** Opening LISTED RECORDS block **

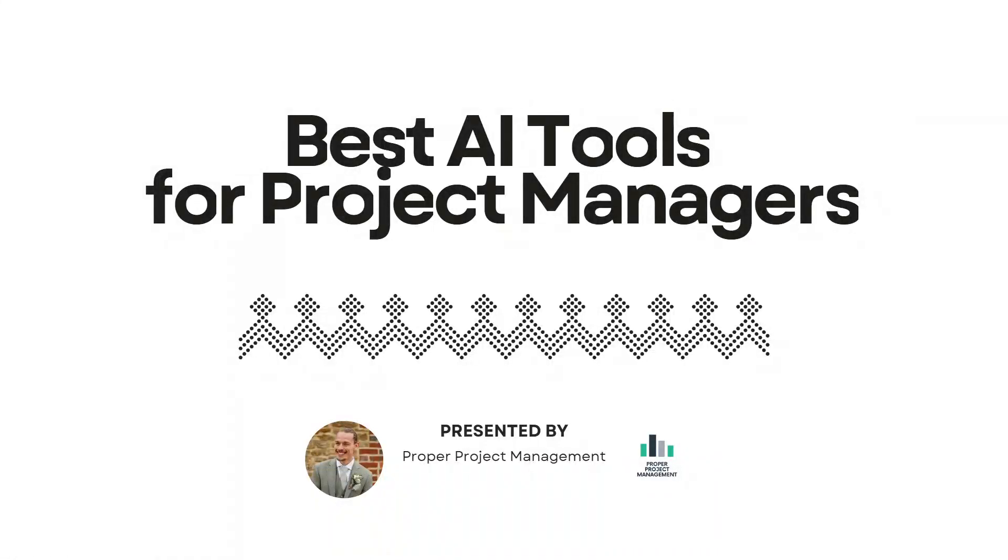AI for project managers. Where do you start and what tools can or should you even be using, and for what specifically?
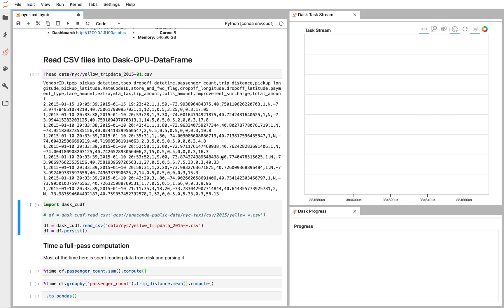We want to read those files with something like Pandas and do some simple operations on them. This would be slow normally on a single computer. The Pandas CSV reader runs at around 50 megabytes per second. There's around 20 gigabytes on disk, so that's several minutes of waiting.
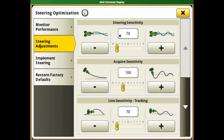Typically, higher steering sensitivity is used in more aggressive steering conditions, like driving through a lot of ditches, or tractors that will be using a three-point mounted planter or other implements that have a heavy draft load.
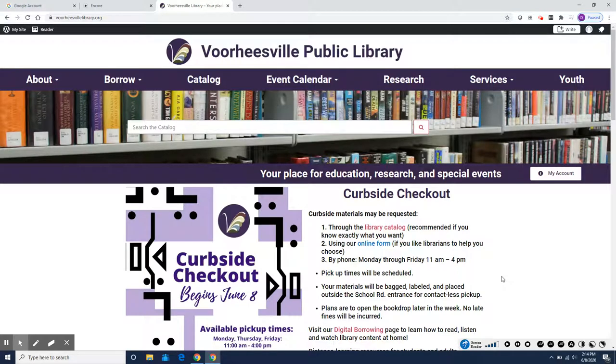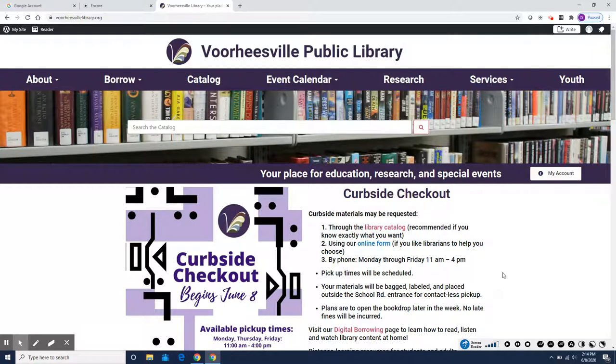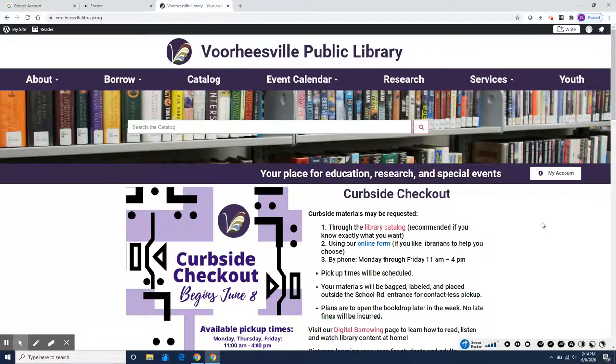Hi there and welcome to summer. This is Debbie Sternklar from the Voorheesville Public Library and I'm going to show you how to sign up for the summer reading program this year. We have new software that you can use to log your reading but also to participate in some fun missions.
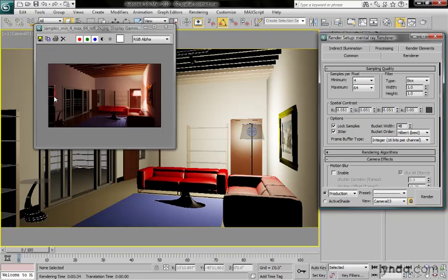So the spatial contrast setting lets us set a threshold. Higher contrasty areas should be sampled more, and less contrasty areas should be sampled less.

** Closing LISTED RECORDS block **

Extract, character for character, every line from the one that holds "We want to read" through the end of the entries above. Include both boundary lines and no pictures.

- _ANSWER SPACE_:
We want to read those files with something like Pandas and do some simple operations on them. This would be slow normally on a single computer. The Pandas CSV reader runs at around 50 megabytes per second. There's around 20 gigabytes on disk, so that's several minutes of waiting.
Typically, higher steering sensitivity is used in more aggressive steering conditions, like driving through a lot of ditches, or tractors that will be using a three-point mounted planter or other implements that have a heavy draft load.
Hi there and welcome to summer. This is Debbie Sternklar from the Voorheesville Public Library and I'm going to show you how to sign up for the summer reading program this year. We have new software that you can use to log your reading but also to participate in some fun missions.
So the spatial contrast setting lets us set a threshold. Higher contrasty areas should be sampled more, and less contrasty areas should be sampled less.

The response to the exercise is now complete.